Assignment » Your response should be every line from the entries that includes the string "Image".

Source information »

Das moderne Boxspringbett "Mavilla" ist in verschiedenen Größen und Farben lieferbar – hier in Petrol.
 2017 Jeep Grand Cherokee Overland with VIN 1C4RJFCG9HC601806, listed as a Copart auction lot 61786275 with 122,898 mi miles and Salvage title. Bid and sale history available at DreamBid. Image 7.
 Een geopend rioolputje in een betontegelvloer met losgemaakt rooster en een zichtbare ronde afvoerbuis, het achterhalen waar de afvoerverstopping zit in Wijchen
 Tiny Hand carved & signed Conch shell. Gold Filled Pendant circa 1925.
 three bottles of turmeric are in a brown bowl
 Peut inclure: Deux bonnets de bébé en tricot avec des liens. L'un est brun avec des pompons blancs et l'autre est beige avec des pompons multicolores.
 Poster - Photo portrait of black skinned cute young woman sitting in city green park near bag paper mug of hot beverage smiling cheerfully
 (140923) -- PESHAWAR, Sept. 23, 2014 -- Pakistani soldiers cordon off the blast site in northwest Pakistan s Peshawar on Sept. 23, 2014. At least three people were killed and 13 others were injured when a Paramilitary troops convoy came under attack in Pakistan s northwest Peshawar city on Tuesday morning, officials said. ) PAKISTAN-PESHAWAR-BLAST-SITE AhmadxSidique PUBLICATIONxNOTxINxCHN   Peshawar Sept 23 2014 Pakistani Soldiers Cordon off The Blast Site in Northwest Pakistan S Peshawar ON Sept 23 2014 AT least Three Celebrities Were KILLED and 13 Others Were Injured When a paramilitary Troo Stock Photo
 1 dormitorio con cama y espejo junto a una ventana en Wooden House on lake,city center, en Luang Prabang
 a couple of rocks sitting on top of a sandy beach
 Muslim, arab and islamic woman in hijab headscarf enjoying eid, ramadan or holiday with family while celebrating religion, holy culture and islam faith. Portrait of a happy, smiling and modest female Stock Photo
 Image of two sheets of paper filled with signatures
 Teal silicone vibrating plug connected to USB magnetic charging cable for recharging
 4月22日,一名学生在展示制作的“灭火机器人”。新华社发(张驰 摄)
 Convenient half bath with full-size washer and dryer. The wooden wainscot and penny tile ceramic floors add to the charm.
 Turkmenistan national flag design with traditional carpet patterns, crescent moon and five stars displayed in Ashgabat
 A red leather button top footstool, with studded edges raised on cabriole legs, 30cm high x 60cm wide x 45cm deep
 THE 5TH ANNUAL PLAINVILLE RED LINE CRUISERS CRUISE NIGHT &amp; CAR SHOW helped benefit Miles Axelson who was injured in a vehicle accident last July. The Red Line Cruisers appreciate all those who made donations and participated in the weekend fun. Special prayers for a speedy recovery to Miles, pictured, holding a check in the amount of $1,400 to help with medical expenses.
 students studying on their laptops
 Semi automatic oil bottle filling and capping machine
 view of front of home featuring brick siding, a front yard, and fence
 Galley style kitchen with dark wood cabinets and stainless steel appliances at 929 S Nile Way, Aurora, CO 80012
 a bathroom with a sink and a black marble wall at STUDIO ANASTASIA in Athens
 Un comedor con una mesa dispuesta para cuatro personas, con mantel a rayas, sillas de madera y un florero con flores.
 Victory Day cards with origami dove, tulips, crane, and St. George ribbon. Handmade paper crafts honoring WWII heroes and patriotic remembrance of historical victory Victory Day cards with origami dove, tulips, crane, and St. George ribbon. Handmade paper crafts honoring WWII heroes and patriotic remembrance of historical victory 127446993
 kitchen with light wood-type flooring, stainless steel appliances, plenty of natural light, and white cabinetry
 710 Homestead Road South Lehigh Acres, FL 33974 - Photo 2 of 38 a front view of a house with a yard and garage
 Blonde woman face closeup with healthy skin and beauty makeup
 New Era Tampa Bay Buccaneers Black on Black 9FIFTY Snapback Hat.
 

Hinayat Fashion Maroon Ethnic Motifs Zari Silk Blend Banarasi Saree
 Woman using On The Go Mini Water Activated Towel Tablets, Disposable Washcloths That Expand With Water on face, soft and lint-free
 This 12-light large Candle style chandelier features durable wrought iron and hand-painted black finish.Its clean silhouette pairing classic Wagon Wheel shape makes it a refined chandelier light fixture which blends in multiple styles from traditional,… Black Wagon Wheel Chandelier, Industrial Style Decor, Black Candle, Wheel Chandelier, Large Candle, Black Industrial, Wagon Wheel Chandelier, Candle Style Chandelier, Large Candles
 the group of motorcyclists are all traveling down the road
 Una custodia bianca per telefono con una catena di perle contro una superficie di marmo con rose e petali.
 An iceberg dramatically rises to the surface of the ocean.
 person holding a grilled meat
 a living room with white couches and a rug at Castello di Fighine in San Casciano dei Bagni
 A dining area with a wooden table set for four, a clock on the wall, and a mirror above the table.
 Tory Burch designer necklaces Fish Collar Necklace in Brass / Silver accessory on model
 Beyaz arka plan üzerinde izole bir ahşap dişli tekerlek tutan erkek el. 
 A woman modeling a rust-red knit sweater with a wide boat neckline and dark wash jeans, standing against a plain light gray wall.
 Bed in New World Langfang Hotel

Answer to this problem »
 2017 Jeep Grand Cherokee Overland with VIN 1C4RJFCG9HC601806, listed as a Copart auction lot 61786275 with 122,898 mi miles and Salvage title. Bid and sale history available at DreamBid. Image 7.
 Image of two sheets of paper filled with signatures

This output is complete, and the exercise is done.